## Directions for this task
Take the lines from the one with "We are also" through the last line of the material below and write them out exactly, without any pictures.

## Excerpted records
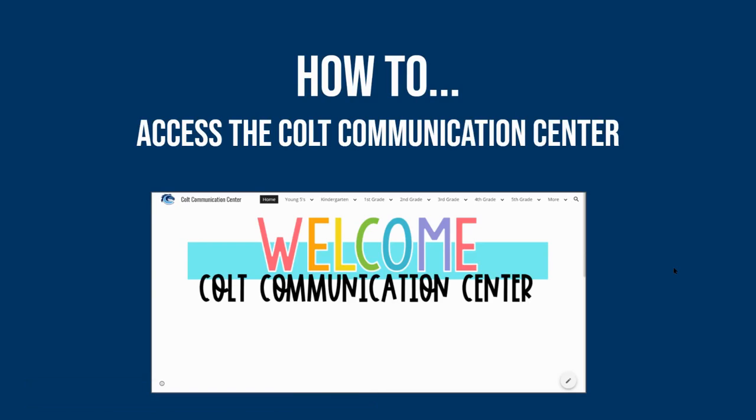All right. Hello, families. In this short video, I am going to show you how to access the Colt Communication Center through the Comstock Public Schools website.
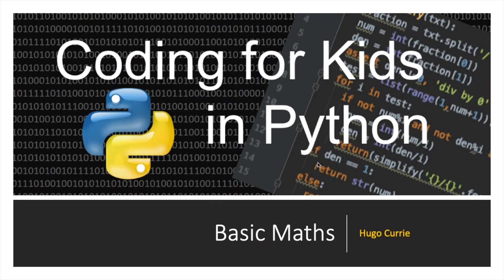So that was a basic introduction of some maths that you can use in Python. In the next tutorial, we're going to go a little bit deeper and talk about some more complex mathematical functions. Thanks for watching this Coding for Kids tutorial. Hope to see you in the next one.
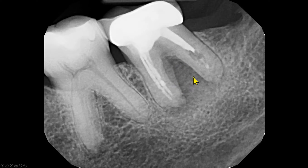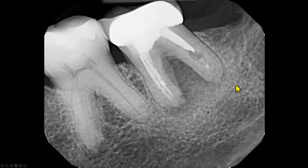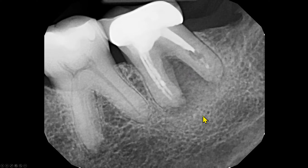We are also unable to define the border of the radiolucency — maybe the radiolucency ends here, maybe it ends here. These radiopacities have different shades of gray. Such findings are called zone of transition. So we have two findings here: one is the area of low density, and one is the area of increased density.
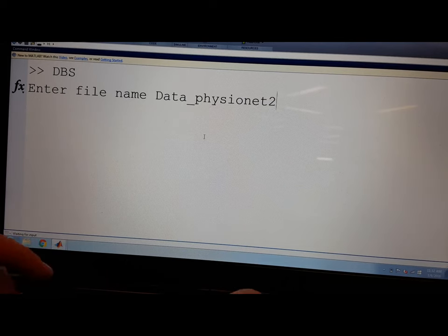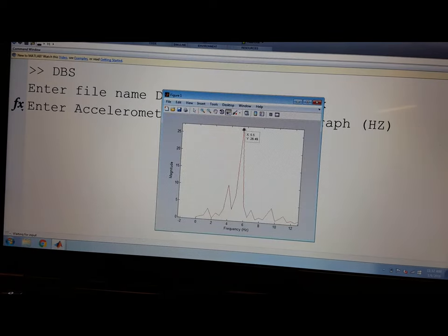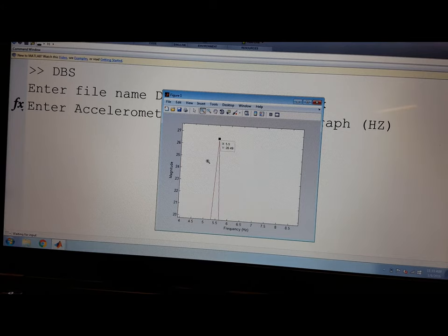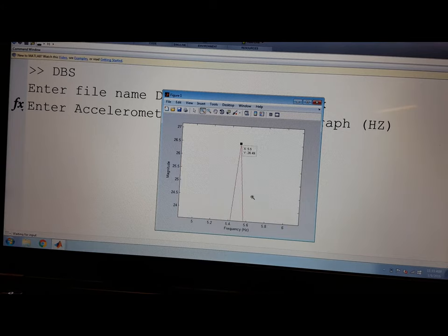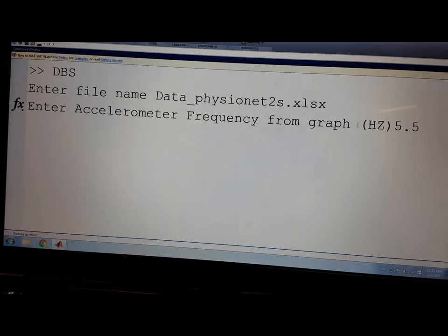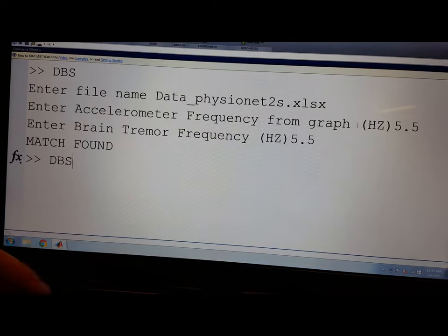Open the Eureka software and initiate the accelerometer recording. The software will begin recording tremor data. The Eureka software then produces a frequency plot where the surgeon can choose the correct frequency of the tremor.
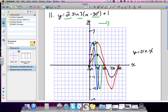Finally, the vertical shift. We're at the green graph and shift everything up one unit. The zeros go up to 1, the peak at 2 goes up to 3, the trough at negative 2 goes up to negative 1. The final graph drawn in black represents all four transformations applied.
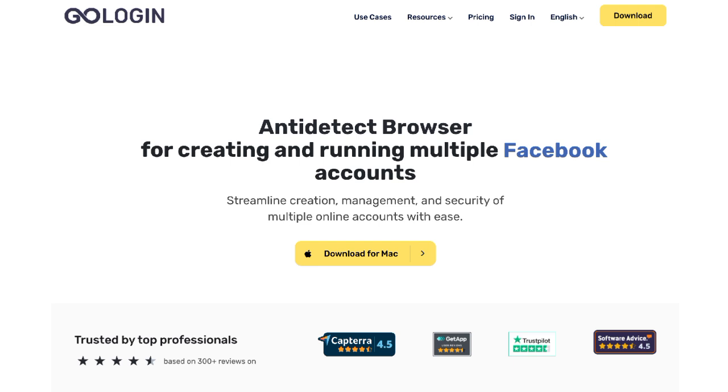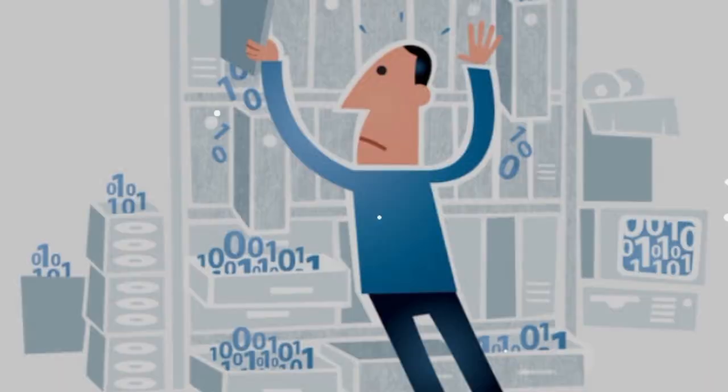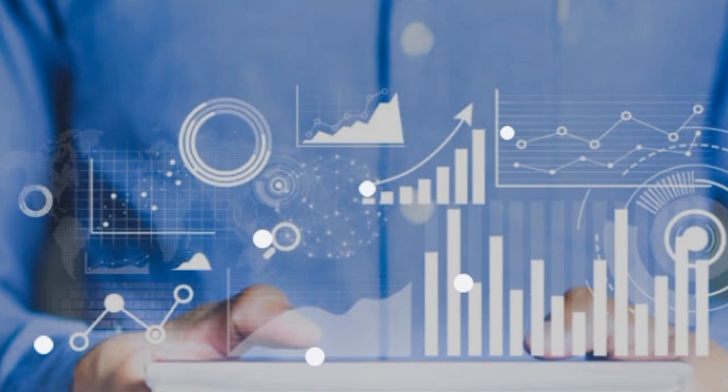With GoLogin, each account operates in its own virtual environment. This means you don't have to worry about different accounts crossing paths or data getting mixed up. Imagine you're managing accounts for multiple clients. GoLogin allows you to switch between them easily, saving time and reducing the risk of data leaks or accidental logins.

## Task output
We are also unable to define the border of the radiolucency — maybe the radiolucency ends here, maybe it ends here. These radiopacities have different shades of gray. Such findings are called zone of transition. So we have two findings here: one is the area of low density, and one is the area of increased density.
Open the Eureka software and initiate the accelerometer recording. The software will begin recording tremor data. The Eureka software then produces a frequency plot where the surgeon can choose the correct frequency of the tremor.
Finally, the vertical shift. We're at the green graph and shift everything up one unit. The zeros go up to 1, the peak at 2 goes up to 3, the trough at negative 2 goes up to negative 1. The final graph drawn in black represents all four transformations applied.
With GoLogin, each account operates in its own virtual environment. This means you don't have to worry about different accounts crossing paths or data getting mixed up. Imagine you're managing accounts for multiple clients. GoLogin allows you to switch between them easily, saving time and reducing the risk of data leaks or accidental logins.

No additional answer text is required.